If you haven’t been to a high school theatrical production lately, you’re in for a treat. No longer the realm of worn out PAR Cans and 30-year-old spotlights, high school performing arts departments are increasingly the domain of more sophisticated equipment.

Witness Winston Churchill High School in Potomac, MD, whose performing arts department strives to push the envelope, including in the area of lighting effects. For the school’s recent concert production of Les Miserables at the Gertrude Bish Auditorium, over 200 students from five different choirs and the Churchill Symphonic Orchestra came together for a one-night-only concert experience for the community.

Churchill produces an annual rock-n-roll revival show and is no stranger to automated lighting technology. Last year’s show incorporated over 60 luminaires, most of those Martin fixtures. For Les Miserables, lighting designer Scott Selman chose eight MAC 700 profile spots and two Jem ZR 24/7 hazers supplied by Main Light Industries.

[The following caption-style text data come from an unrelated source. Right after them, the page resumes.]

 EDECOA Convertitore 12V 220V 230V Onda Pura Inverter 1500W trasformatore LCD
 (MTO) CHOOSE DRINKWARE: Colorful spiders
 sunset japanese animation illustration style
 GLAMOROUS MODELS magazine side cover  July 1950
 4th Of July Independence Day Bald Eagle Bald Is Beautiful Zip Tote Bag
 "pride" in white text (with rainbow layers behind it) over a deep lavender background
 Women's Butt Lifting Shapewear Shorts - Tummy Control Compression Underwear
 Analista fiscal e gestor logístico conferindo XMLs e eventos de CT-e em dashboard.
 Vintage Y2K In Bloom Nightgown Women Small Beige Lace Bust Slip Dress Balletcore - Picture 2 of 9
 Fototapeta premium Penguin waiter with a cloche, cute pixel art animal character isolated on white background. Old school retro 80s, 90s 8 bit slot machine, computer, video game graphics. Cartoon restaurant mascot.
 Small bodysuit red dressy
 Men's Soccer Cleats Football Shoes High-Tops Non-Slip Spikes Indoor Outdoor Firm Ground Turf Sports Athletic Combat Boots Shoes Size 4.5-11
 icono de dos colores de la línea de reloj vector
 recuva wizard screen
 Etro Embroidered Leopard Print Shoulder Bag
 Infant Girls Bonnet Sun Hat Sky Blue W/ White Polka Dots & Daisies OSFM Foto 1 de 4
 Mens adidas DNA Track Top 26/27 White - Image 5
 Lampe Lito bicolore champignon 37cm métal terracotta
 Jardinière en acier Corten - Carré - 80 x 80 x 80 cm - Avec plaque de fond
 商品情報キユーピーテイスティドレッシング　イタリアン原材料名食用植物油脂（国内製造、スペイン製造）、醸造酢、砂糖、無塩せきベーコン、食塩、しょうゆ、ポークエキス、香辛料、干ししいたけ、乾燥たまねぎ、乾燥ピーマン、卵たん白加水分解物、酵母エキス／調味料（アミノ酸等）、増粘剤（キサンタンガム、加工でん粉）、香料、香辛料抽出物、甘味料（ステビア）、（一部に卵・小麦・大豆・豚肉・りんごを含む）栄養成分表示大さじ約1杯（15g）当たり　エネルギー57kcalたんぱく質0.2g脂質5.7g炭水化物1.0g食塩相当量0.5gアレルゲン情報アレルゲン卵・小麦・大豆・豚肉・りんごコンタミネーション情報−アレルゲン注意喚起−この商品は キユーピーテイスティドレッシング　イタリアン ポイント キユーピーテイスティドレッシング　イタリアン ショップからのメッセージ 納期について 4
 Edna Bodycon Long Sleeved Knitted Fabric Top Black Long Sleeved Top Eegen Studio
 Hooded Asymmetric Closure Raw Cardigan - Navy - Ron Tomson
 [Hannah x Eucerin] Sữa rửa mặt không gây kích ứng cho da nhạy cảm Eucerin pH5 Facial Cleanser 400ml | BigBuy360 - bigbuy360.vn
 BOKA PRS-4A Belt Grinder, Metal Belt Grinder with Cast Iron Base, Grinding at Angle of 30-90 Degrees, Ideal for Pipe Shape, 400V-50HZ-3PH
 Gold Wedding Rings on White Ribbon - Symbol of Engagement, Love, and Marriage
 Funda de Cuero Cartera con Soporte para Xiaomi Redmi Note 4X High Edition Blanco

Selman works as the media services technician at Churchill High School and is executive producer at Act Two Performing Arts, a youth focused non-profit theatre company. He says he chose the MAC 700 for its blend of features between the MAC 550 and MAC 2000. Their color temperature and overall lumen output helped solidify his decision.

“I needed a fixture first that was quiet. This is a concert with a symphonic orchestra and the score didn’t call for fixture noise,” says Selman. “I am a big fan of having lots of specials on hand. Their speed was a big plus, and the 700s gave me the ability to quickly jump between looks. The best thing about the fixture was the color mixing and zoom capabilities. I couldn’t handle MAC 2000s for this project and the 700 was a perfect compromise. In fact, I think I like it better, especially the stock template selection. I really like beam effects through haze and there are some wonderful breakup patterns included. I also found the color temperature of the lamp to be very pleasing. I have had balance issues with other sources in the past, and these 700W lamps seem to burn just right.”

When asked about specific features of the MAC 700, Selman first mentions the color mixing system. “I found it to be very smooth and precise,” he says. “Unlike other fixtures I have used, the color field seemed to be very even, not fading off at the edges. Next would be the very nice zoom and focus adjustment. For the Les Mis concert, I used many live movements for effect and the beam change over time was very responsive. Lastly, the overall brightness of the fixture was probably its greatest asset. I love saturated colors and these pushed through without a hitch. Even with dark purples or dark reds, there was still plenty of light.”

Selman says he already has eight MAC 700s booked for another show in November and will be using 12 for a production in January, which will also feature four MAC 550s and 10 MAC 300s as well as FiberSource QFX150 powering a fiber-optic drop.